> _Brief_
Everything in the data except the pictures belongs in your answer, copied exactly.

> _Raw data_
────────────────────

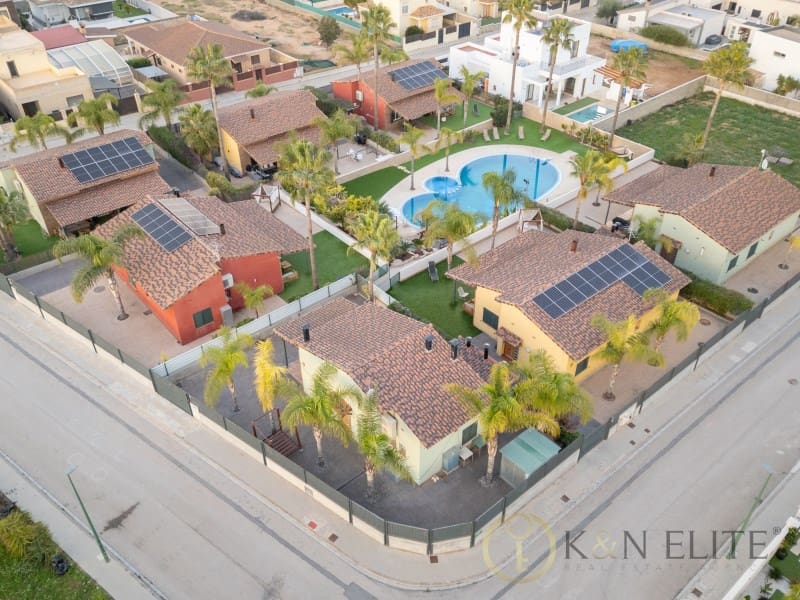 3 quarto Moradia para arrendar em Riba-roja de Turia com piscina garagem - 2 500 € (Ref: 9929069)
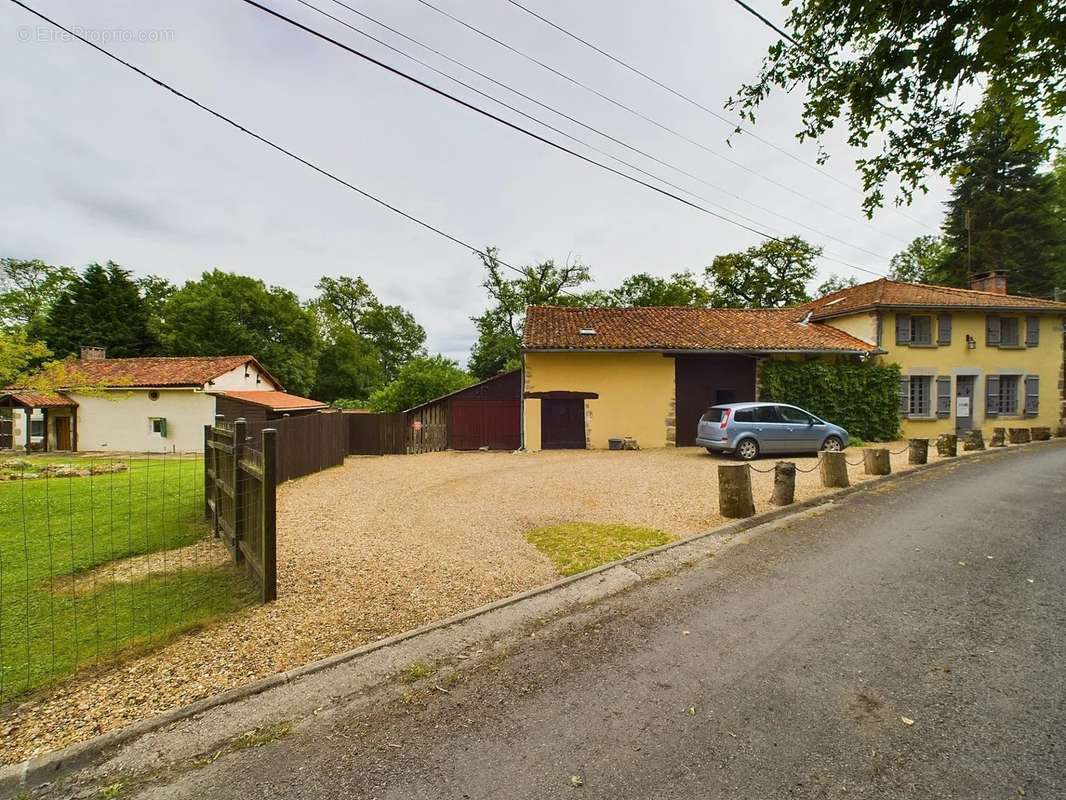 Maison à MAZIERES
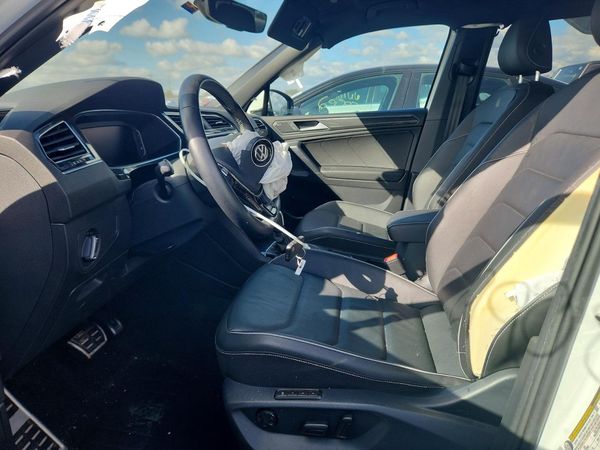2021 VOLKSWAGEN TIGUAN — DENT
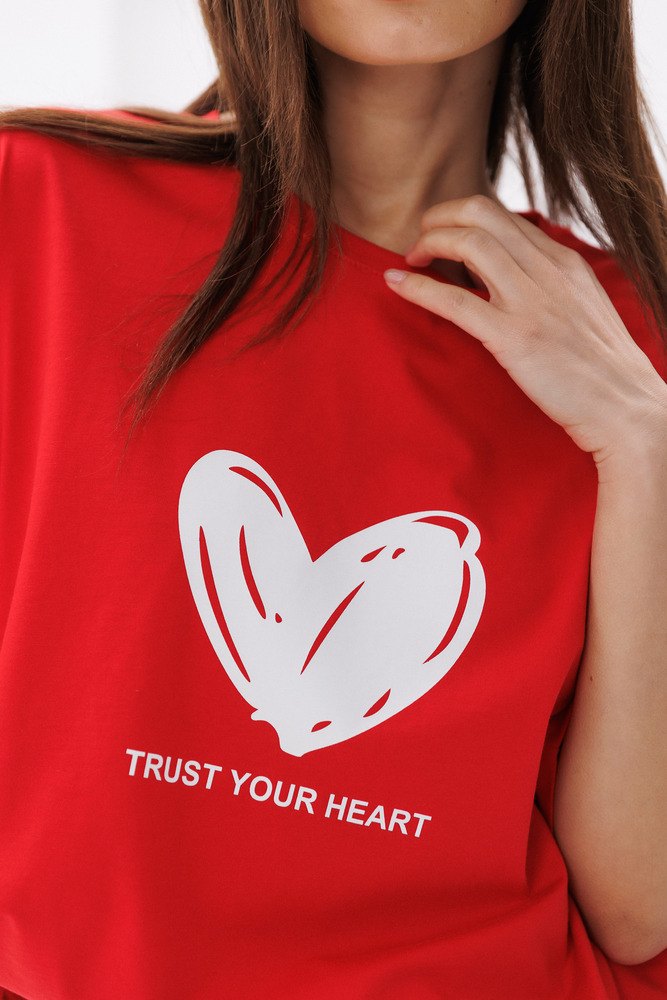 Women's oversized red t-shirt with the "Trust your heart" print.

────────────────────

> _Written reply_
 3 quarto Moradia para arrendar em Riba-roja de Turia com piscina garagem - 2 500 € (Ref: 9929069)
 Maison à MAZIERES
2021 VOLKSWAGEN TIGUAN — DENT
 Women's oversized red t-shirt with the "Trust your heart" print.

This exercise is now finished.